Any good advice / strategies? And how long will this awful phase last?(4 Posts)
Well seems as I have recently discovered this site I may as well make use of all you helpful people out there!
I am currently spending what seems to be the majority of my time battling with my soon to be 13 year old. In the last 12 months ( in fact probably since starting high school) she has altered beyond belief.
She is still a good kid at heart, is doing really, really well at school and is one of the brightest in her year, the teachers are all pleased with her - BUT at home she is a nightmare. She has gone from a cheerful happy girl to a totally stroppy ungrateful madam!!
I know its hormones and all that,and I do try to pick my battles - but I literally get one word answers all the time, when she does talk she mumbles under her breath so we have no clue what she is saying. She argues about EVERYTHING, then makes out like she never said what she actually said, rolls her eyes constantly, never apologizes without being prompted to do so, huffs and strops about, and never remembers anything she is asked to do or only does half job and so on. I spend most of my time battling with her about how she speaks to people -mainly us and her siblings (if we have company she just sits in the corner being quiet to the point of almost rudeness) or telling her to put her phone down when I am talking to her. She never seems to do anything off her own back without being told it needs doing ( pe kit into wash and so on) Its driving me bonkers and I feel my time is taken up trying to sort dd out so much that her younger siblings are not getting an equal share of my attention. She can be lovely when she puts her mind to it ( or she wants some money to go out with friends etc!! ) but it only lasts a day if we are lucky!

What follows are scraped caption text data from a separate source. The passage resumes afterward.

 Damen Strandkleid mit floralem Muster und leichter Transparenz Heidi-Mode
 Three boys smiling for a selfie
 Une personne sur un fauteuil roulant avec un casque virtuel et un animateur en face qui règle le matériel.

So far her school work hasn't slipped and I don't want to rock the boat any further, we have rules about her phone and screen time and so on and for the most part she abides by them. She has a couple of out of school interests as well so on the whole I think we are doing ok and I know she could be so much worse and that we are probably lucky!- its just grinding me down tbh!
I think I am more concerned about how long this is going to last - the thought of the next 5 or 6 years of this and it getting worse is depressing!!

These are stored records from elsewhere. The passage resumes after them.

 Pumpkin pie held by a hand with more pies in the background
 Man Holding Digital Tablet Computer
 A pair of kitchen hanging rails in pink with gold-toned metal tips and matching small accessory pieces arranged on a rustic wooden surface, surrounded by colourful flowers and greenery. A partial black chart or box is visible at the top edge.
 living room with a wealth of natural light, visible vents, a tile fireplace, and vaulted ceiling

Does anyone have any good ideas I can use to try and diffuse things, and in terms of girls being teenagers does this stroppy ungrateful stage last ?
Thanks in advance!!!
Haha! no helpful advice here but my dd has just 'turned' like this aged 15. The vague one word answers are driving me mad. She's stroppy and bad tempered if asked to do anything at all, messy, selfish, rude. She has her first fairly 'serious' boyfriend which may have something to do with it? And she used to be so lovely......
No advice, I have boys , but my deepest sympathy over the mumbling.
Sounds quite early for huffing and puffing and eye-rolling etc so hopefully she'll be one of those teens who are early to come out of the other side. Try to be proud of your advanced DD
Could you compromise on her being in attendance when you have company? Perhaps not - just something you could possibly think about. Perhaps she could show her face when the company is leaving and speak briefly?
Re only doing half a job etc - that sounds very familiar. She is old enough now to learn the natural consequences of this sort of behaviour now. So instead of being cross with her for forgetting half her gym kit or whatever, let her experience the result - detention/inconvenience to herself/whatever.
Don't get drawn into arguments. Walk away. Say 'We've been through this - I'm not going to argue.' Brisk and calm vague agreement with her when she grumps. Allow her to make her own choices as far as you can stand to.
It's such a shock to the system having a teenager for the first time. I sympathise. Get her a good multi-vit and mineral supplement for women of child-bearing age - it won't hurt.